**What to produce**: Transcribe, starting at the line with "And for i in" and ending at the line with "Hi, good evening.", every line of the material below exactly, but leave out the pictures and anything outside that span.

**Data listing**:
■ ■ ■ ■ ■
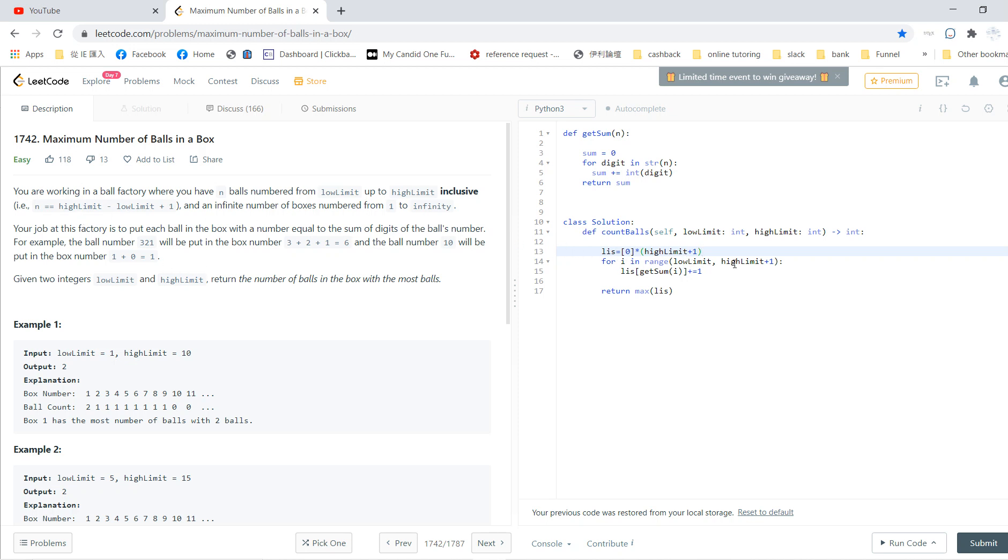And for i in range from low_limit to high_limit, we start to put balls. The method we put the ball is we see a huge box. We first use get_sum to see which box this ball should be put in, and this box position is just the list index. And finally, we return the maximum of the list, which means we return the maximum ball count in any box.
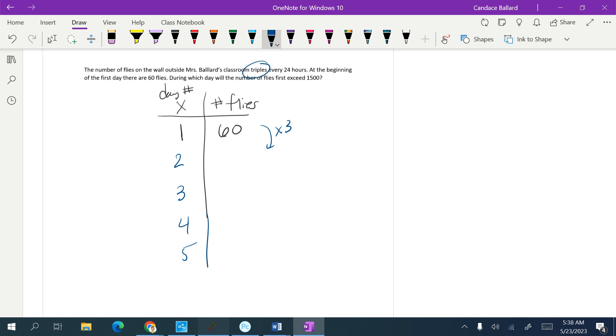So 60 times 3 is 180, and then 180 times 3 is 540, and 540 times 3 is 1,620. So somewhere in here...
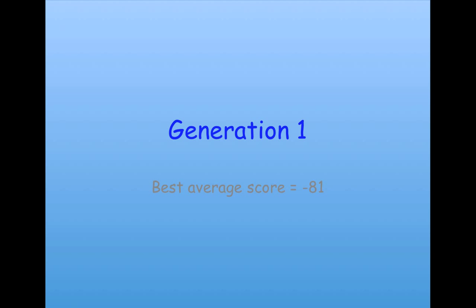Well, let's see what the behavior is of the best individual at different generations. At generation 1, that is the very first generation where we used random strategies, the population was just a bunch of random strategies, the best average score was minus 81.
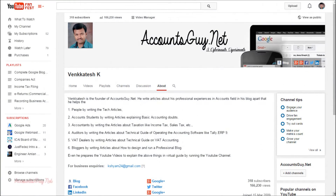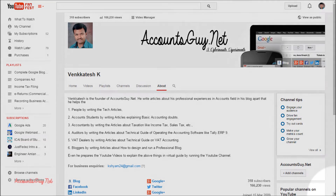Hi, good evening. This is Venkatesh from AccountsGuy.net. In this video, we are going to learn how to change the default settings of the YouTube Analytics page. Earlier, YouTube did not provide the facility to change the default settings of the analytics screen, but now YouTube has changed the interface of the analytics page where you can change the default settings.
■ ■ ■ ■ ■
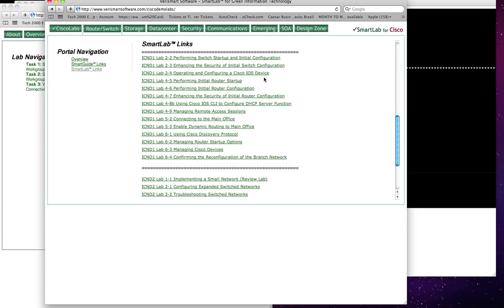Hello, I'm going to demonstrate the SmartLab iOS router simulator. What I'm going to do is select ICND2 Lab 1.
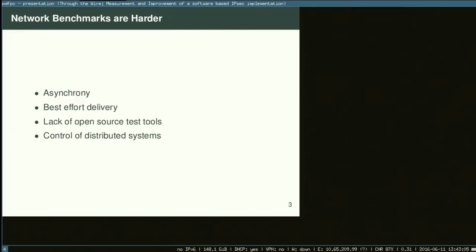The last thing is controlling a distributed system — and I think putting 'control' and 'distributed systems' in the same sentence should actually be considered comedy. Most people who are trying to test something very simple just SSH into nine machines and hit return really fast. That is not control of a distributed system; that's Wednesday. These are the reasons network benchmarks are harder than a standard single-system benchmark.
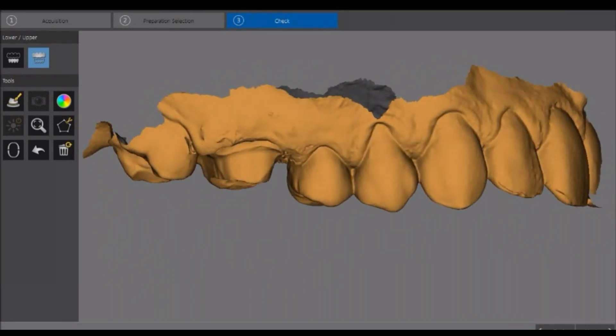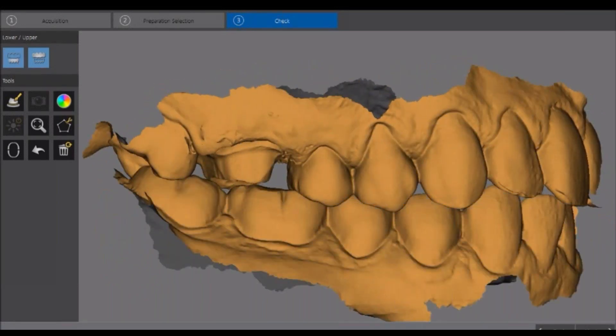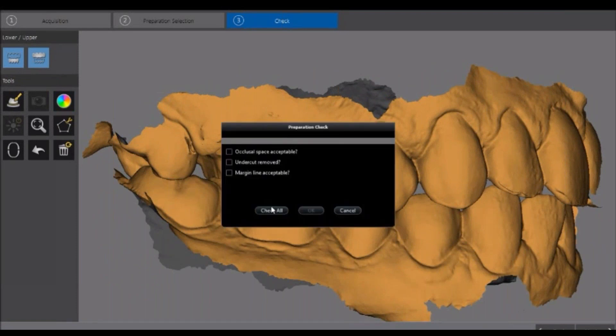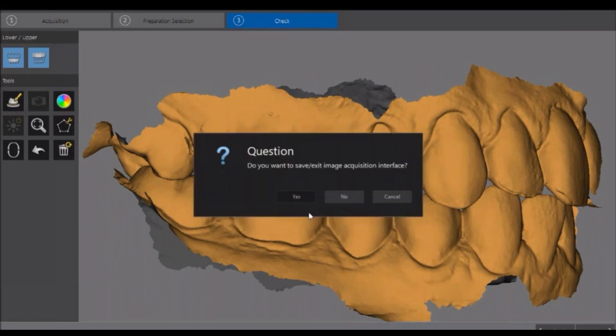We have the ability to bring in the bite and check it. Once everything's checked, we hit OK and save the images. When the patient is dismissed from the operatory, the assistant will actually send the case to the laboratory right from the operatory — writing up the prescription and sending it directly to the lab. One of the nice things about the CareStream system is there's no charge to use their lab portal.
■ ■ ■ ■ ■
**Result**:
And for i in range from low_limit to high_limit, we start to put balls. The method we put the ball is we see a huge box. We first use get_sum to see which box this ball should be put in, and this box position is just the list index. And finally, we return the maximum of the list, which means we return the maximum ball count in any box.
So 60 times 3 is 180, and then 180 times 3 is 540, and 540 times 3 is 1,620. So somewhere in here...
Well, let's see what the behavior is of the best individual at different generations. At generation 1, that is the very first generation where we used random strategies, the population was just a bunch of random strategies, the best average score was minus 81.
Hi, good evening. This is Venkatesh from AccountsGuy.net. In this video, we are going to learn how to change the default settings of the YouTube Analytics page. Earlier, YouTube did not provide the facility to change the default settings of the analytics screen, but now YouTube has changed the interface of the analytics page where you can change the default settings.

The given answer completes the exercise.